Leetcode - LRU Cache

Question

Design a data structure that follows the constraints of a Least Recently Used (LRU) cache. Implement the LRUCache class:

• LRUCache(int capacity) Initialize the LRU cache with positive size capacity.
• int get(int key) Return the value of the key if the key exists, otherwise return -1.
• void put(int key, int value) Update the value of the key if the key exists. Otherwise, add the key-value pair to the cache. If the number of keys exceeds the capacity from this operation, evict the least recently used key.

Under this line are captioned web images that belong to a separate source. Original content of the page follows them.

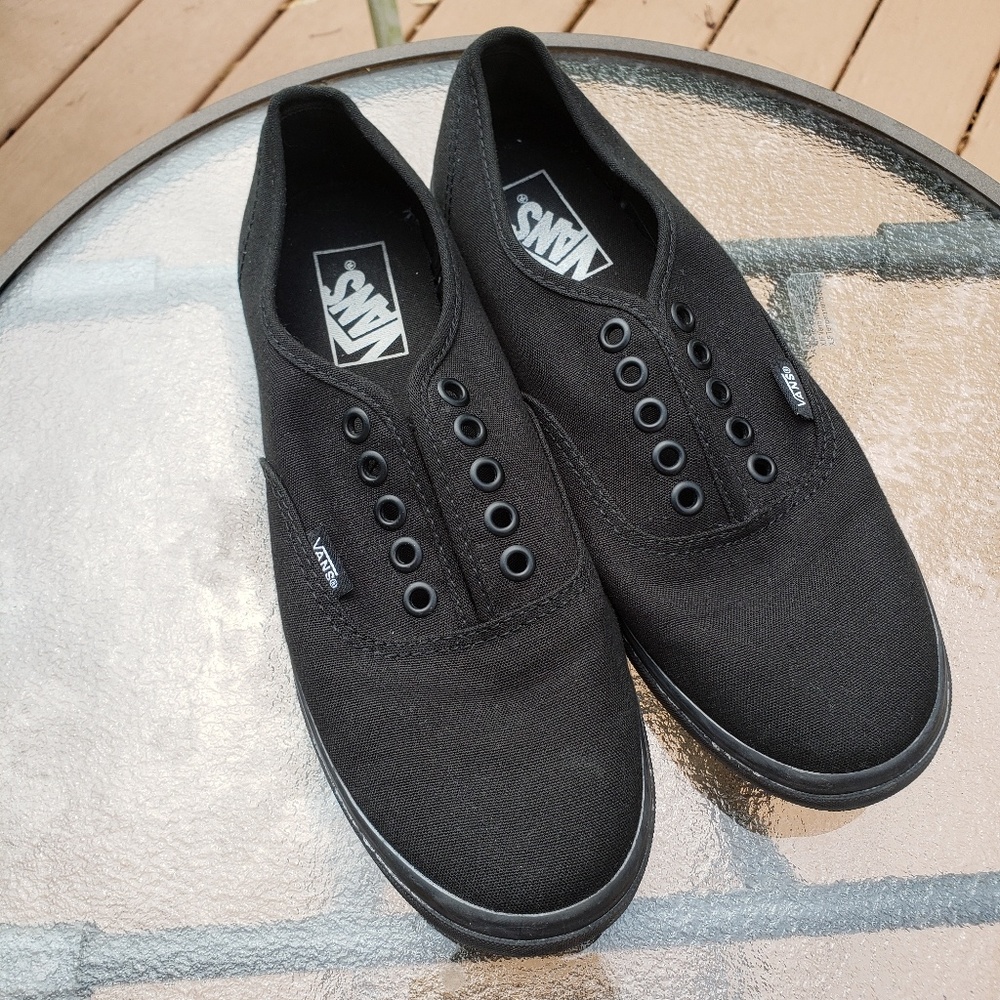 Vans low top sneaker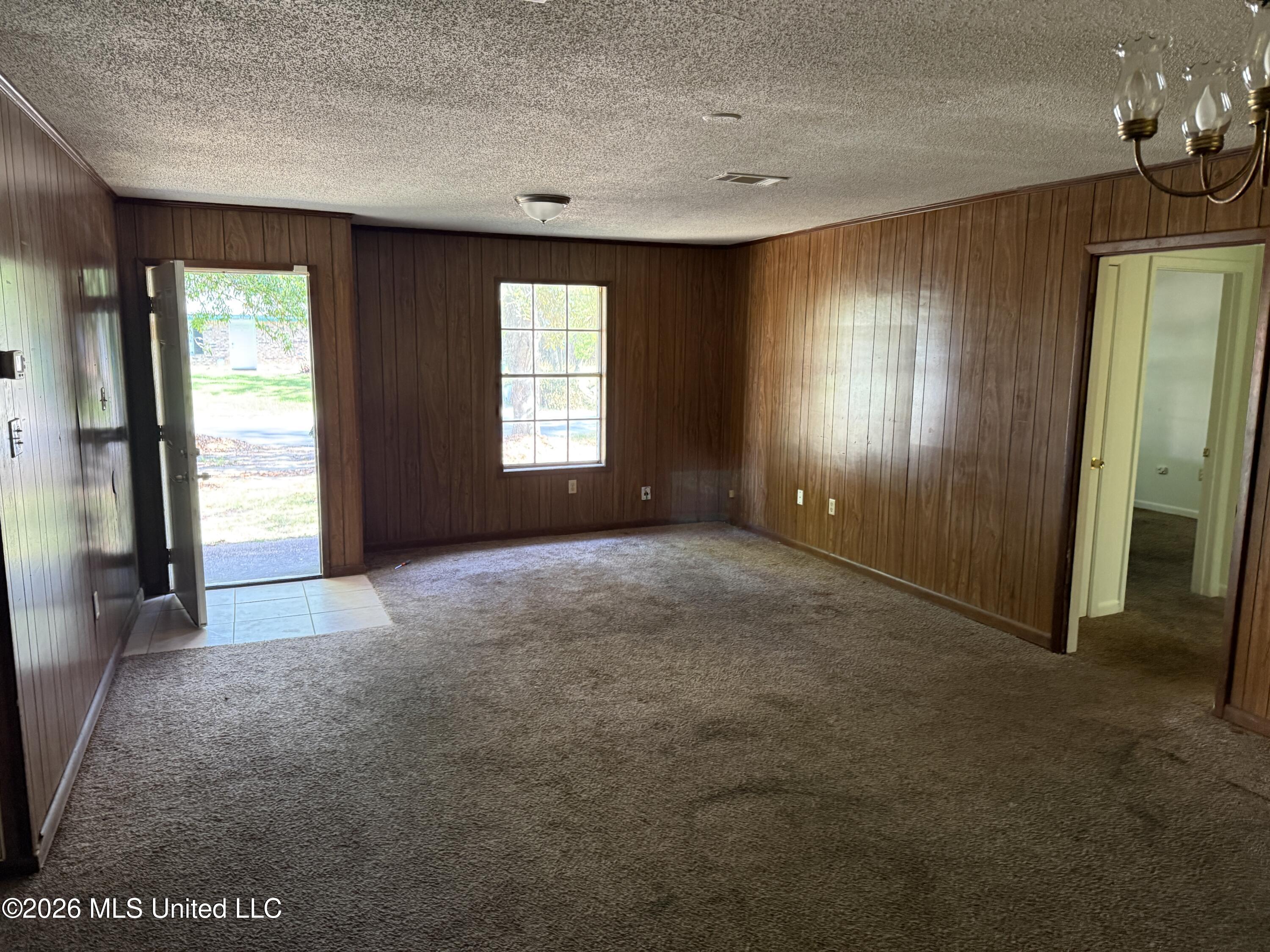 1009 Michelle Drive Property Photo 4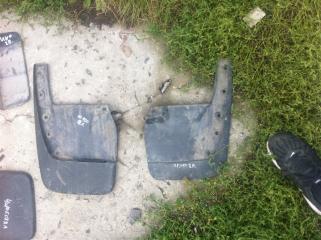 Брызговик задний Toyota Land Cruiser Prado Б/У Брызговик задний Toyota Land Cruiser Prado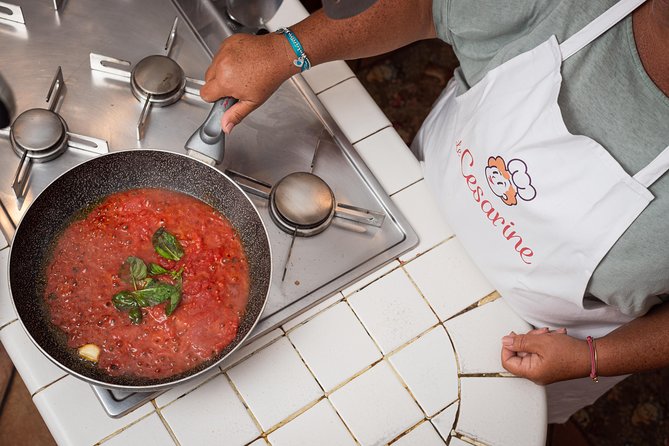 Cesarine: Small Group Market Tour & Cooking Class in Alberobello - Starting at the market around 10:00 am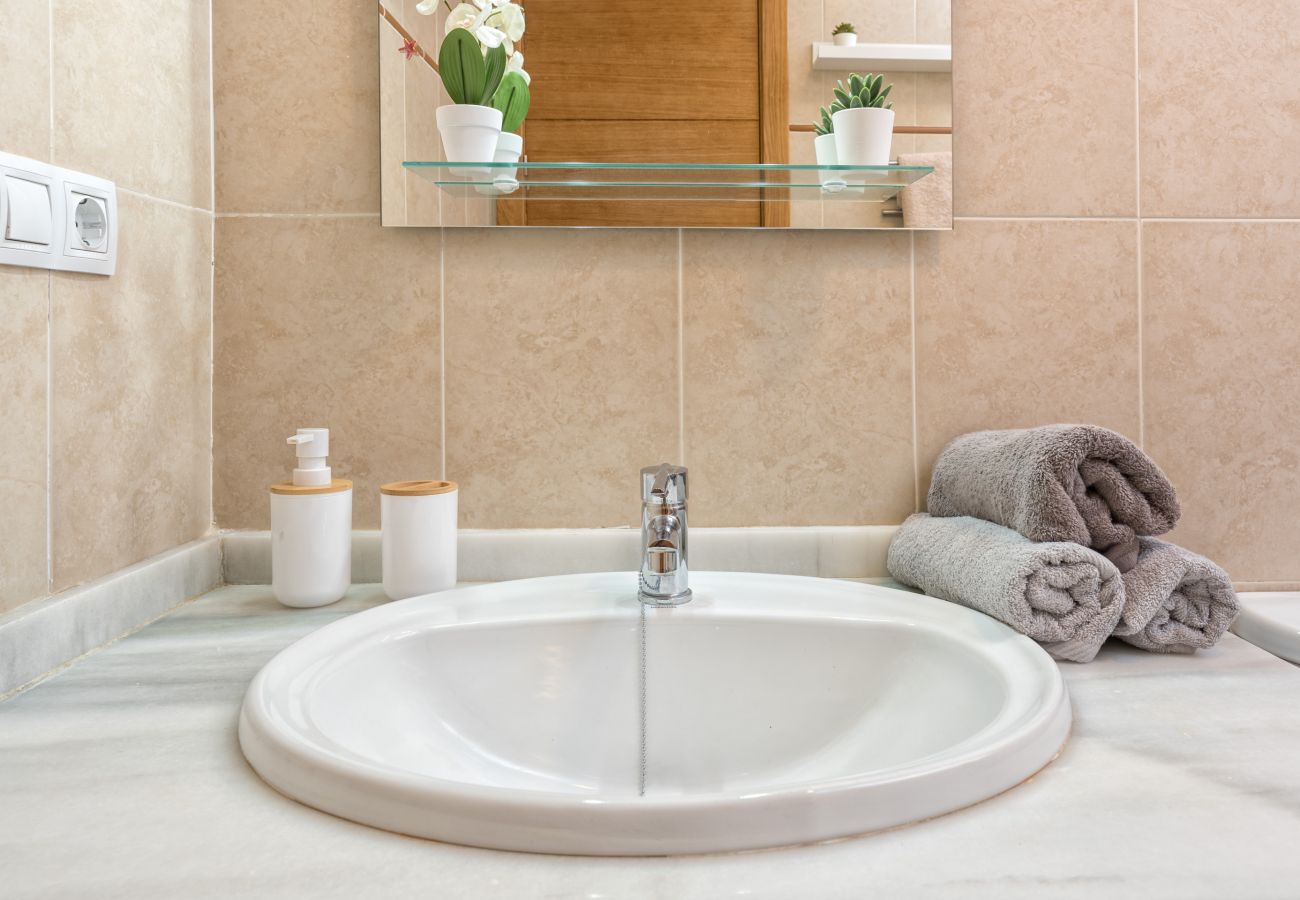 Apartamento en Rincón de la Victoria - WintowinRentals Ubicación Perfecta, Playa, Piscina y Parking.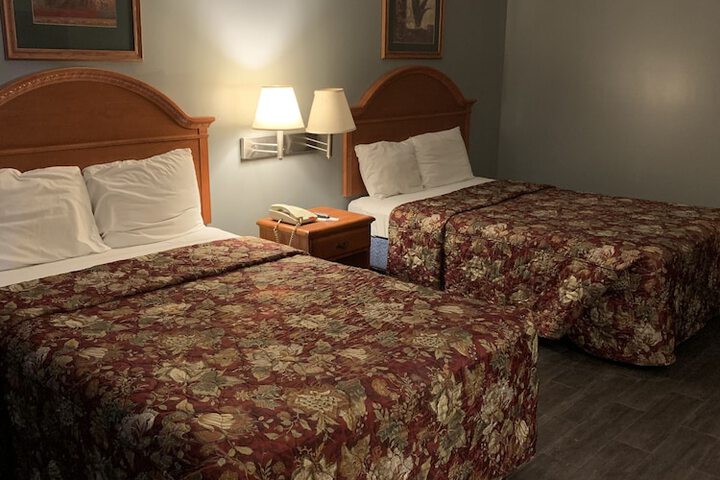 Room 12 of 30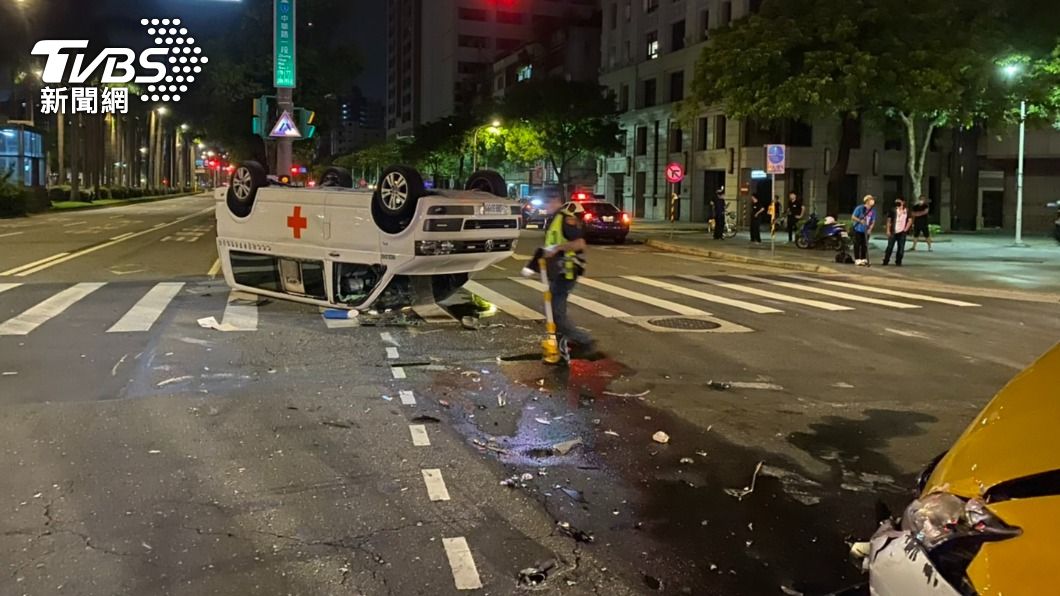 救護車在路口遭側撞後翻覆。（圖／TVBS）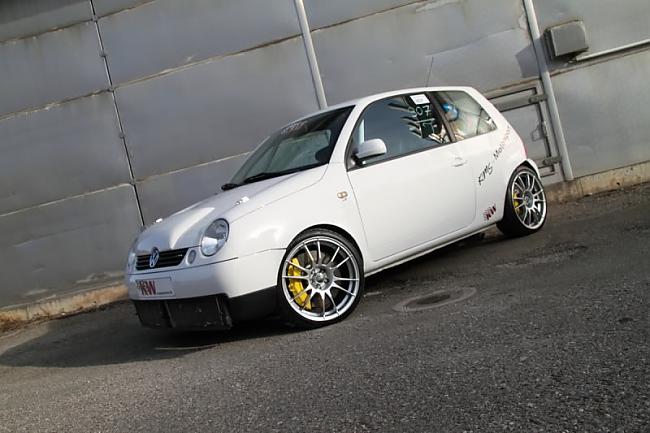  Autors: youfunnyguy VW Lupo W12 5,2Litru + NOS projekts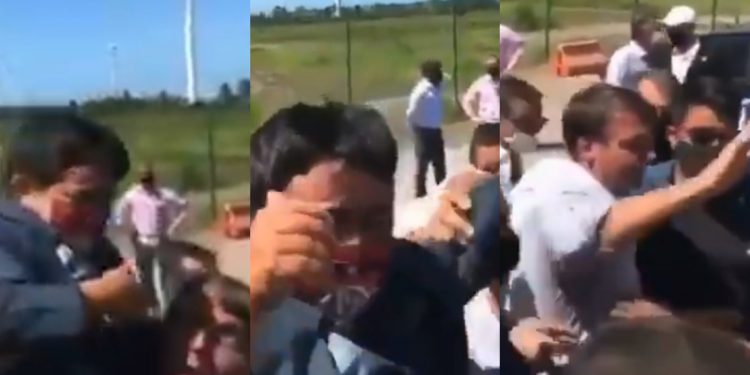 BOLSONARO CARGA A UN HOMBRE CON ENANISMO PENSANDO QUE ERA UN NIÑO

The functions get and put must each run in O(1) average time complexity.

This is atesla question

• The LRU cache is a hash-map, mapping: {key (int): Node(key, value)}
• Use LRU and MRU pointers which are dummy pointers for swapping
• O(1) insert and query time

class Node():
def __init__(self, key, val):
	self.key, self.val = key, val
	self.prev = self.next = None
 
class LRUCache:
	def __init__(self, capacity: int):
		self.capacity = capacity
		self.cache = {}
 
		self.LRU, self.MRU = Node(0, 0), Node(0, 0)
		self.LRU.next, self.MRU.prev = self.MRU, self.LRU
 
# remove from list
def remove(self, node):
	prev, nxt = node.prev, node.next
	prev.next, nxt.prev = nxt, prev
 
# insert at right (MRU)
def insert(self, node):
	prev, nxt = self.MRU.prev, self.MRU
	prev.next = nxt.prev = node
	node.next, node.prev = nxt, prev
 
def get(self, key: int) -> int:
	if key in self.cache:
		# Update most recent
		self.remove(self.cache[key])
		self.insert(self.cache[key])
		return self.cache[key].val
	return -1
 
def put(self, key: int, value: int) -> None:
	if key in self.cache:
		self.remove(self.cache[key])
	self.cache[key] = Node(key, value)
	self.insert(self.cache[key])
 
	if len(self.cache) > self.capacity:
		# remove from list and delete LRU from cache
		LRU = self.LRU.next
		self.remove(LRU)
		del self.cache[LRU.key]